Many Detroiters are familiar with massive 35 acre Packard plant on East Grand Boulevard. The 33,000,000 ft. facility opened in 1903 and was home to Packard Motors manufacturing through 1958.
In the 1920's Packard was the number one manufacturer of luxury automobiles in the United States with gross income exceeding $29 million in 1928. What has been forgotten has been Packard's substantial contribution to the Allies' efforts in World War II. Packard engines proved critical to the air war in the European theater.
Founded in 1906 the partnership of Rolls Royce began manufacturing automobiles in Derby, Derbyshire in 1907. By 1918 approximately half the aircraft engines used by the Allies in World War I had been made by Rolls-Royce. By the late 1920s, aero engines would make up most of Rolls-Royce's business.
The company's tradition of manufacturing aircraft engines continues to the present day with The Rolls Royce Trent 800 engine powering Boeing's latest model, the 777.
Company founder Henry Royce's most powerful aircraft engine design began manufacture two years after his death In 1935. The 12 Cylinder supercharged Merlin was capable of propelling aircraft at speeds in excess of 400 MPH. Rolls Royce followed the convention of naming their propeller driven aero engines after birds of prey. The Merlin is a European falcon. The new engine would first see service in the Supermarine Spitfires and Hawker Hurricanes flown by the RAF.
After France's surrender in June of 1940, British convoys and shipping centers were under increased attack from the air. By August this method of warfare had spread to RAF airfields and aircraft factories.
|Rolls Royce Merlin Line - 1942|
In July of 1940 Henry Ford rescinded his son Edsel's initial offer to produce 6000 Merlin engines for the U.K.. An isolationist, Henry was insisting that he produce these engines his way and that they be used "only for Defense."
The Packard V1650 Merlin
After the Ford deal fell apart, Roll Royce awarded a 130 Million Dollar (2.1 Billion in in 2011 dollars) U.S. contract to Packard Motors in September 1940.
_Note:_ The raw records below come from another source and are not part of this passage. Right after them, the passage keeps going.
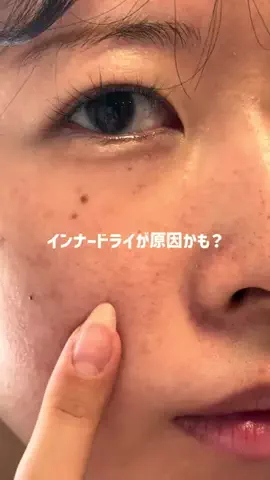 美白を目指すえみのTikTok投稿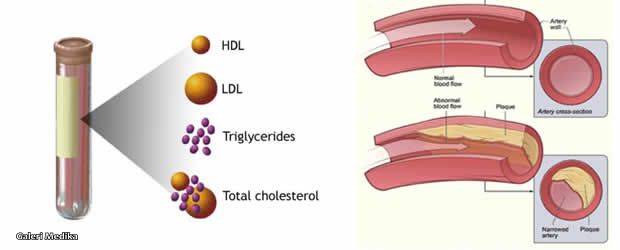 Apa itu Profil Lipid? Bagaimana Cara Mengukurnya?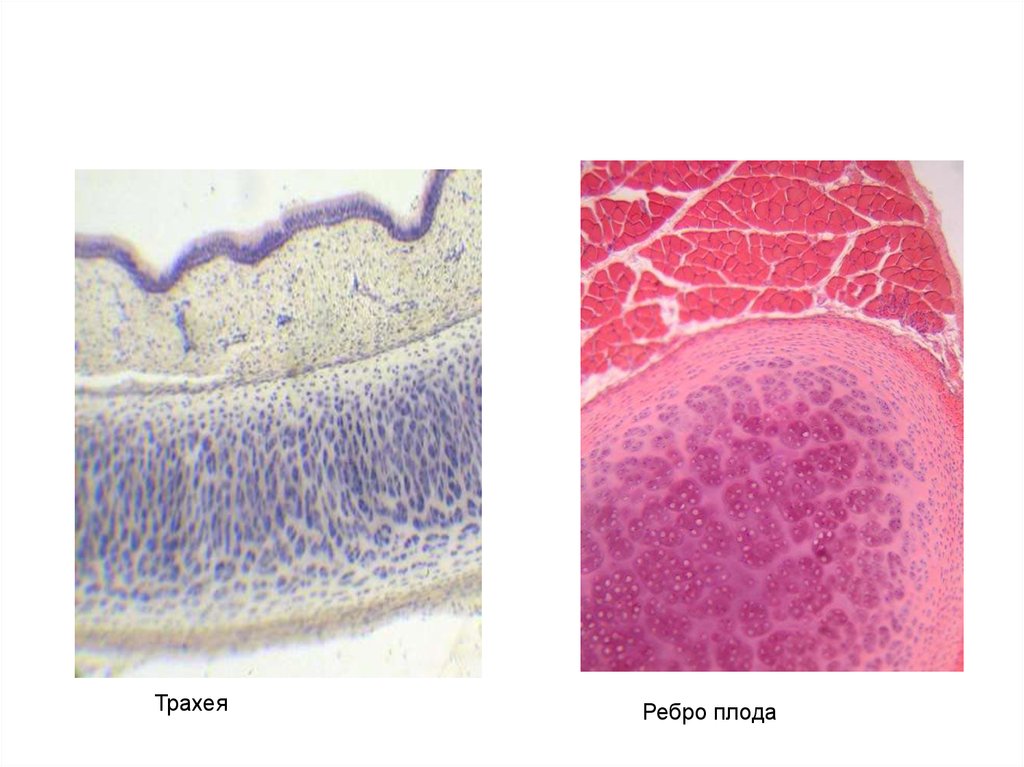 Ткань плода. Гиалиновая хрящевая ткань трахеи. Гиалиновая хрящевая ткань ребра. Гиалиновый хрящ ребра плода. Хрящ ребра гистология.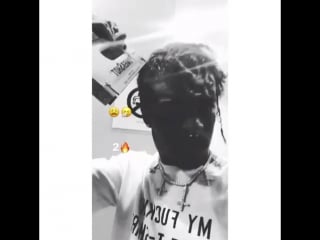 Lil uzi vert puts a staple in his head 😳🤕📎
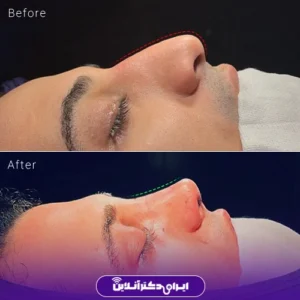 نمونه کار دکتر شاهرخ خوش سیرت 3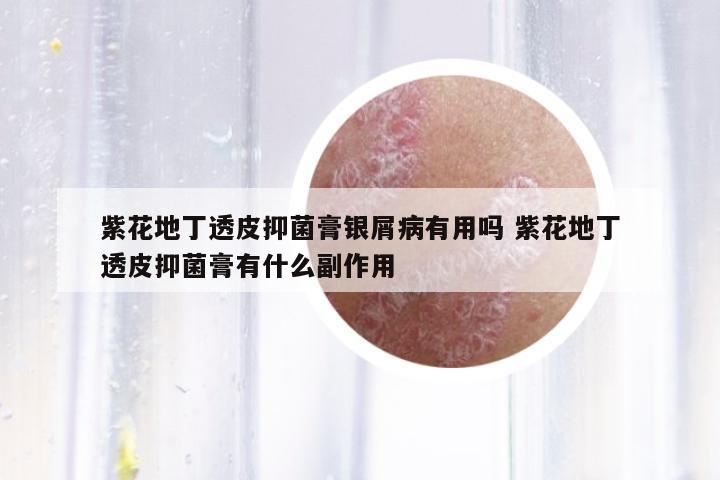紫花地丁透皮抑菌膏銀屑病有用嗎 紫花地丁透皮抑菌膏有什么副作用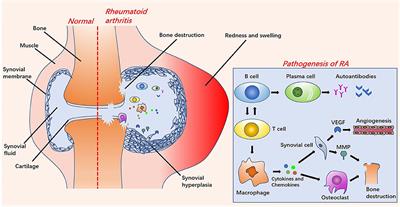 Energy Conversion-Based Nanotherapy for Rheumatoid Arthritis Treatment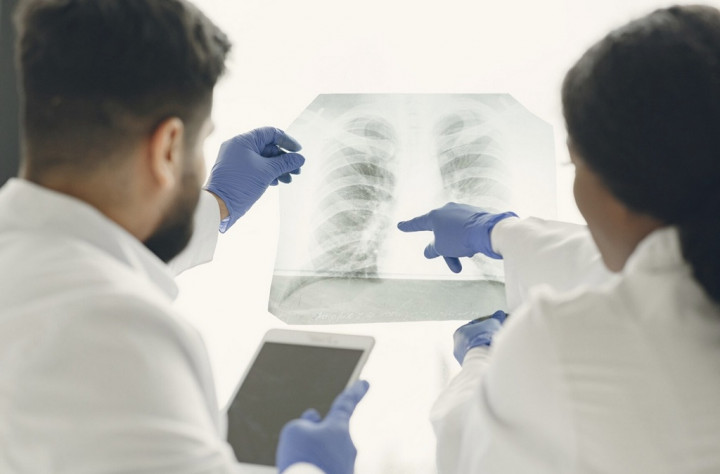 TBC Bukan Kasus Tiba-tiba, RSUD Ini Ungkap Setiap Minggu Menerima 4 Pasien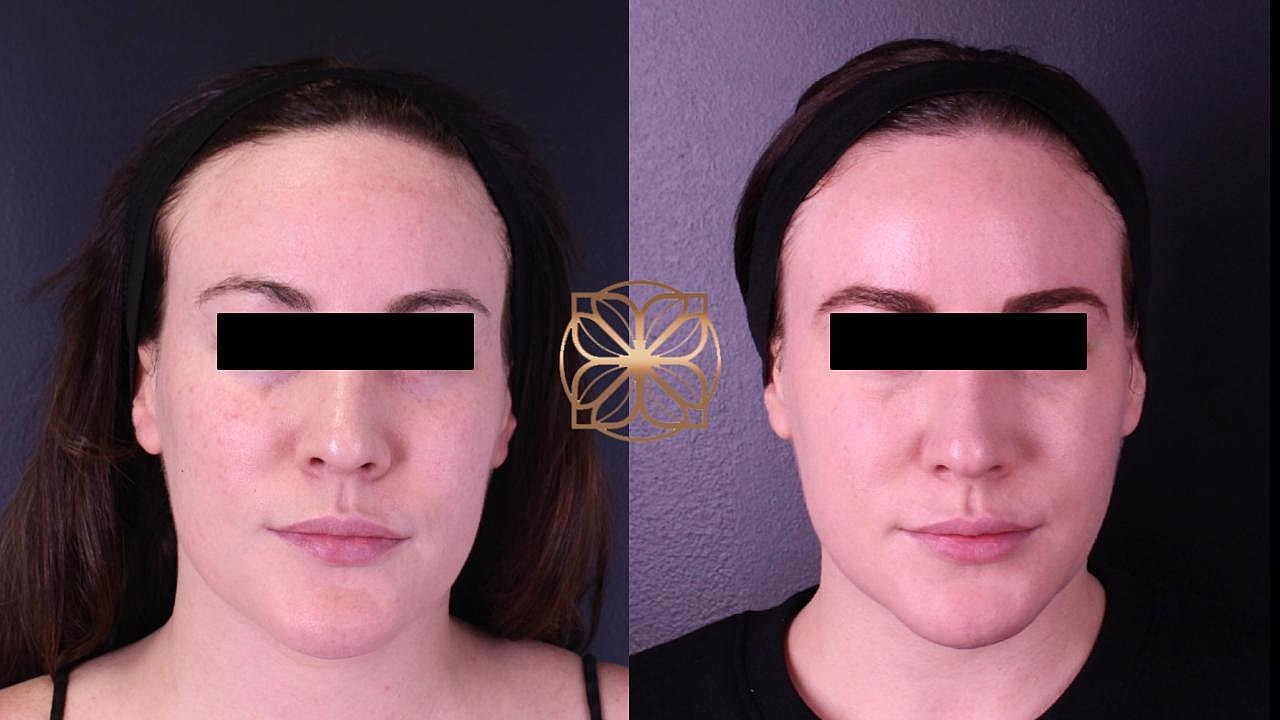 Skin Rejuvenation Gallery Before & After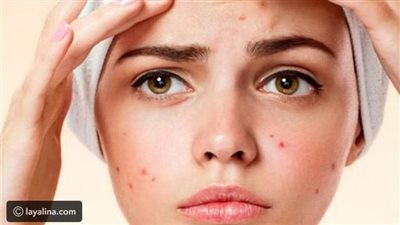 دراسة جديدة تكشف العلاقة بين أدوية التخسيس وحب الشباب 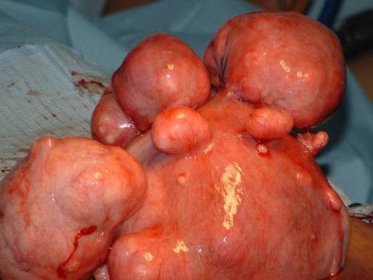 Co je polyp v děloze a její metody léčby 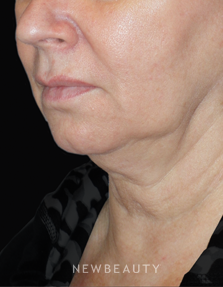 Dr. Min Ahn - Facelift, Necklift, Laser Treatment - Before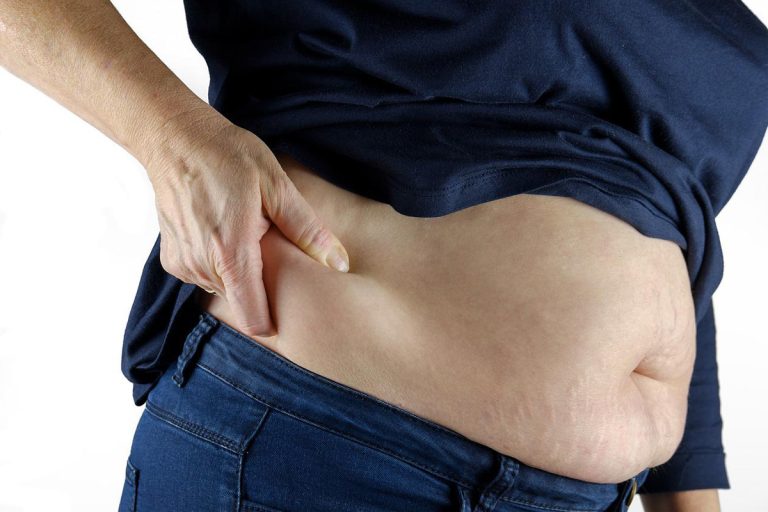 Obesidade e disbiose: conheça a relação entre elas e saiba como evitar 1 obesidade e disbiose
Packard licensed the Merlin engine from Rolls-Royce as the V-1650. A liquid cooled, 27 Liter, 12 Cylinder, 1600 Horse Power, super-charged behemoth. Production at the East Grand Boulevard Plant began in August of 1941.
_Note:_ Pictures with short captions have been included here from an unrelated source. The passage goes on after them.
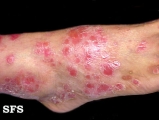 psoriasis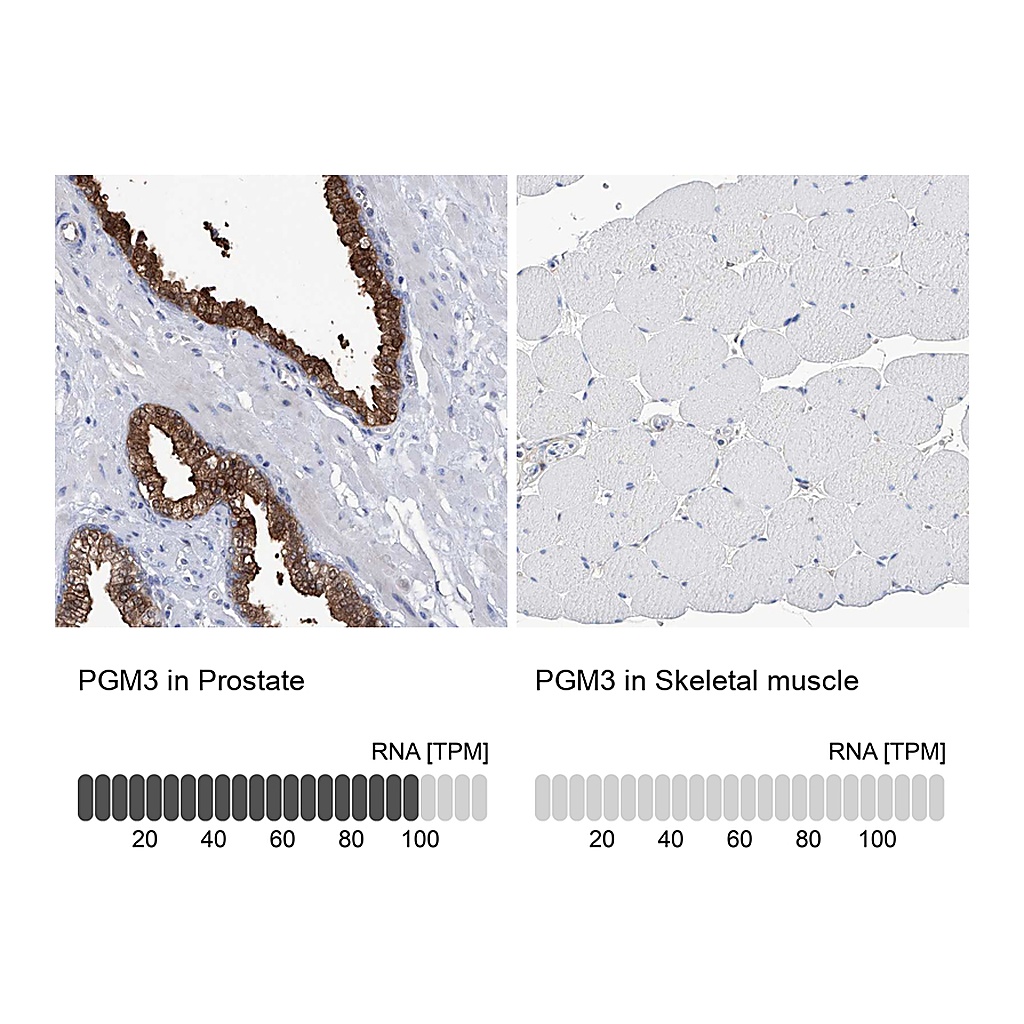 Atlas Antibodies Anti-PGM3 Antibody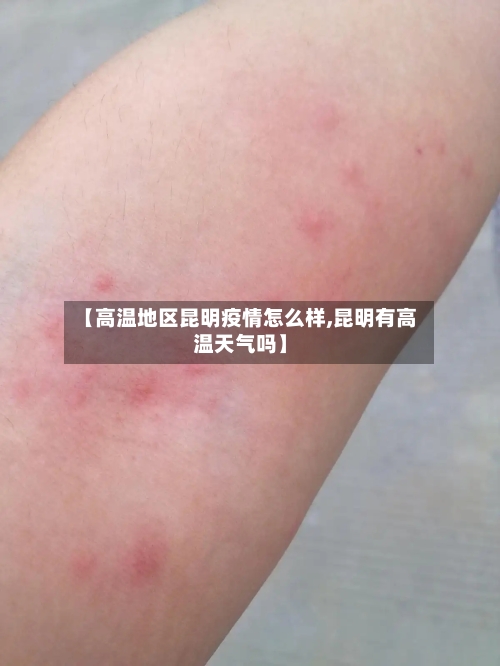 【高温地区昆明疫情怎么样,昆明有高温天气吗】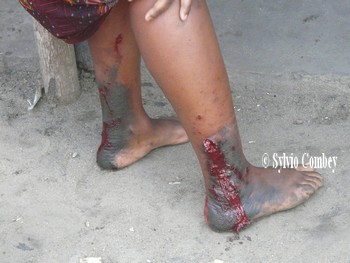 Une femme blessée au pieds jusque dans sa maison (Archives 2012)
|Packard - Rolls Royce Assembly - Courtesy W.S.U.|
This undated Wayne State Archive photo notes Maj. James H. Doolittle inspecting what appears to be a landmark Packard Merlin engine. Considering Dolittle's rank at the time, this was likely the first Merlin (Sept. 1941).
In 1940 Doolittle was still a Major and assistant district supervisor of the Central Air Corps Procurement District in Indianapolis, Indiana and Detroit where he worked with large auto manufacturers on the conversion of their plants for production of planes. He was recalled to active duty in January of 1942 and promoted to Lieutenant Colonel.
Britain's newly appointed Ambassador traveled to the U.S. in January 1941. Here he is at Packard inspecting a Merlin on a test stand. (Photo Courtesy WSU)
LORD HALIFAX LEAVES FOR THE USA
Packard would ultimately produce just over 50,000 Merlin Engines.
|50,000 Packard Merlin|
The P-51 Mustang
In the summer of 1940 the British government also went shopping in the U.S. for a new generation fighter air-frame. After having been awarded the contract, North American Aviation delivered their first P-51 Mustang prototype to England in September of 1941. This initial version of the Mustang, the P-51A, featured an Allison V-1710 power-plant. Unfortunately, its single stage supercharger proved unworthy at high altitudes and was difficult to maintain.
By late-1943 the Allison engines were replaced with the Spitfire proven Packard V-1650 Merlin engines and their new two-stage superchargers. The two-stage supercharger afforded the P51-B Mustangs the high altitude performance necessary to escort allied bombers deep into the heart of Germany.
P51-B Mustangs could reach 437 MPH at 30,000 feet and run up to 7 hours with their additional wing mount "drop" tanks. GI's nicknamed the Mustang (ironically for Packard) "The Cadillac of the Skies" and their 42,000 ft. service ceiling dramatically increased their survival rate. This survival also insured the success of our bombers' missions and thus tipped the balance of European theater air superiority. By 1944 Air supremacy was won over the whole of Germany thanks in large part to Packard Motors of Detroit, Michigan.